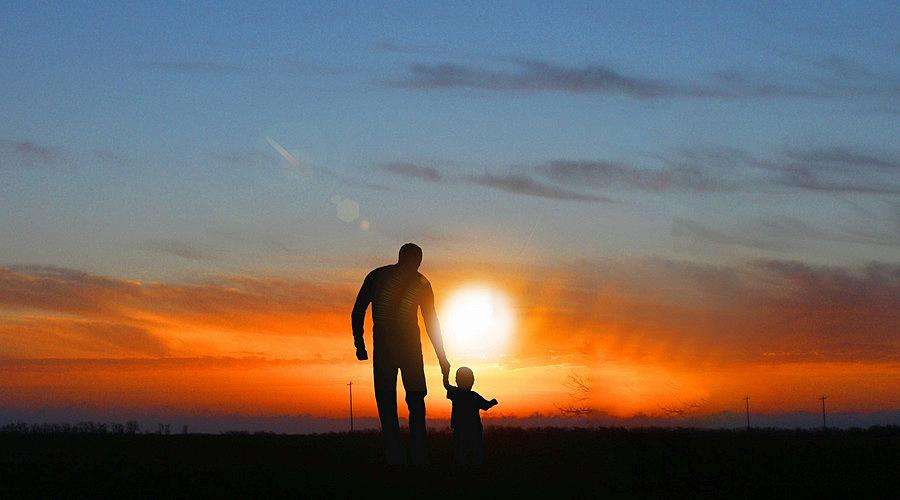 家长适时放手对孩子成长影响,想让孩子变聪明玩什么最好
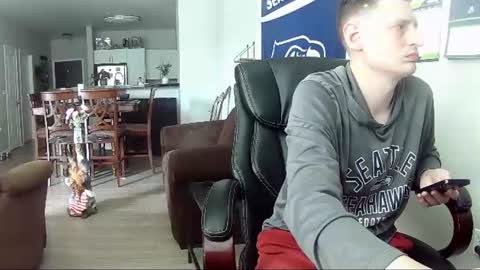 Snapshot of swelteringk chatting on 07-12-26, 06:54 Kile online show from 07-12-26, 06:54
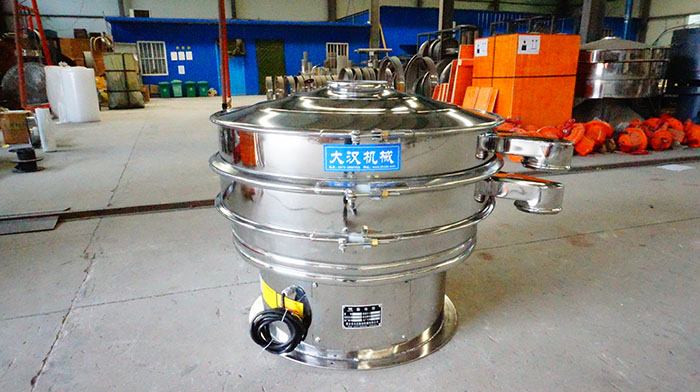 藕粉振動(dòng)篩適用于很多種不同的行業(yè)，對(duì)于物料多的篩分適用還是比較廣泛的。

--------

▸ **TASK ITEM**
Could you print the listing above word for word, without its pictures?

▸ **RESULT OF THE TASK**
 家长适时放手对孩子成长影响,想让孩子变聪明玩什么最好
 Snapshot of swelteringk chatting on 07-12-26, 06:54 Kile online show from 07-12-26, 06:54
 藕粉振動(dòng)篩適用于很多種不同的行業(yè)，對(duì)于物料多的篩分適用還是比較廣泛的。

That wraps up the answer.